To unpack this, the additional ingredient we need is semiotics, the study of signs. A philosopher named Charles Sanders Pierce once posited that "signs" are triads. Namely, a sign consists of a signifier, a signified, and a referent. A signifier is the word, diagram, icon, word, etc which points to a concept. A signified is the concept in one's mind. And a referent is the physical object or phenomenon that the signified corresponds to. E.g. suppose I ask "where's the bagels?" the vibrations in the air are the signifier, the mental image is the signified, and the bagels that I'm actually looking for are the referent. Let’s refine this model further.
In philosophy, truth-values are said to be a property of propositions. From the perspective of the Binary Classification Theory of Knowledge, truth represents a correspondence between a proposition and a state of the world. But now that we're considering semiotics, we have a new problem. The word "true" supposedly denotes a single relationship between two things. But since signs are triadic, there's 3 relationships which may or may not correspond to each other, rather than 1 relationship.

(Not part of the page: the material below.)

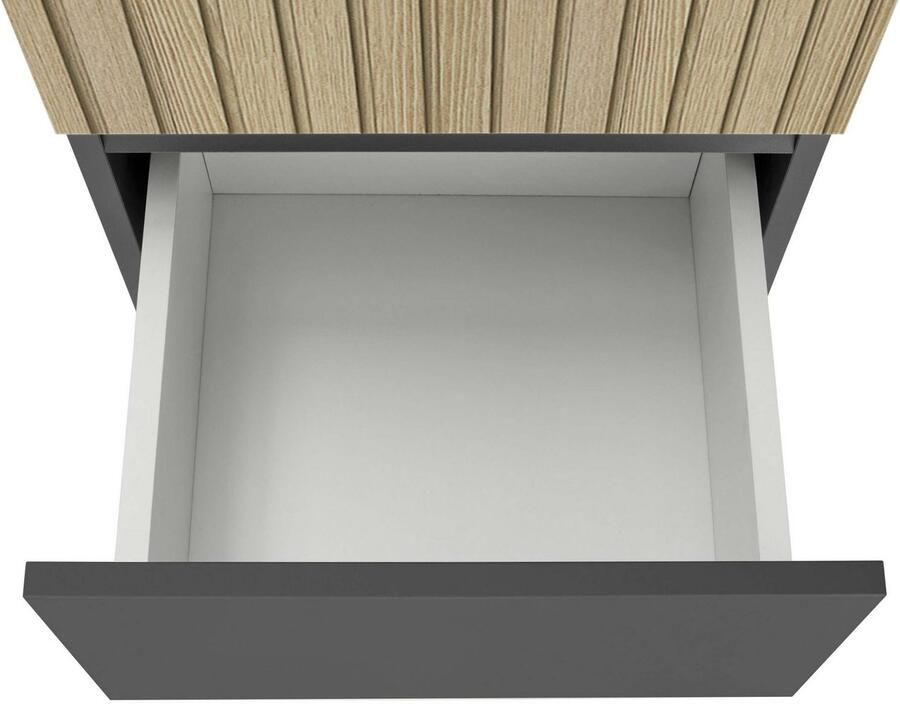 Home affaire Hoge kast Wisla Hoogte 180 cm met deuren & lade - Foto 3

For the purposes of this essay, I'm going to give each relationship a unique name. Not sure if I'm satisfied with these, maybe I'll come up with better names in the future.
illustrative = correspondence between signifier and signified
faithful = correspondence between signified and referent
factual = correspondence between signifier and referent
E.g. a painting is illustrative of a topic if it delineates the artist's vision in high resolution, even if the subjection matter may be fictional. and a mental-map is faithful to the terrain if it accurately interprets reality with high fidelity, even if there are no signs present or the signs are misleading. E.g. a proposition is factual if the referent can be interpreted as fitting the proposition, even if someone was misled to the wrong conclusion. It turns out that verisimilitude is not only continuous, but multilayered!
The confusion in the Gettier Problem stems from the fact that each case is factually true, but not faithful or illustrative. With this confusion dissolved, I think we can rescue Plato's JTB definition. And additionally, I think we can map "true" onto "correspondence", and map "justified" onto "coherent".
When I generated this theory, it seemed so simple that surely, some dead European philosopher had beaten me to the punch. Or since AI researchers, Doctors, email coders, etc. already work with binary classification, surely they'd noticed what was in front of their noses! But when I checked the Stanford Encyclopedia of Philosophy, all I could find is Robert Nozick discussing “sensitivity conditions”, but not as part of some greater schema. I feel morally obliged to mention this somewhere, though I'm not sure how to fit it into the rest of the essay since it didn’t influence my own train of thought.
> This is surprising because initially, I figured that if computers' superpowers had some sort of "inverse" or "dual", it would be equally as complex. But it's straight-forward. I'm still not quite sure why this is the case. For now, my working hypothesis is that subtracting from an arbitrarily large mass is innately more complex than adding to an empty set.
A sensor's symmetric complexity is mostly on the "outside world" portion of the system, but also partly hidden in plain sight by components which happen to be easy to define in bulk. If you had to build a telescope's ten-meter-wide main mirror by directly adding or subtracting along a grid of perfectly cubic blocks, instead of polishing, how tiny would those cubes need to be? What vast complexity could any 3D printer capable of such a task instead encode on an object of equal size?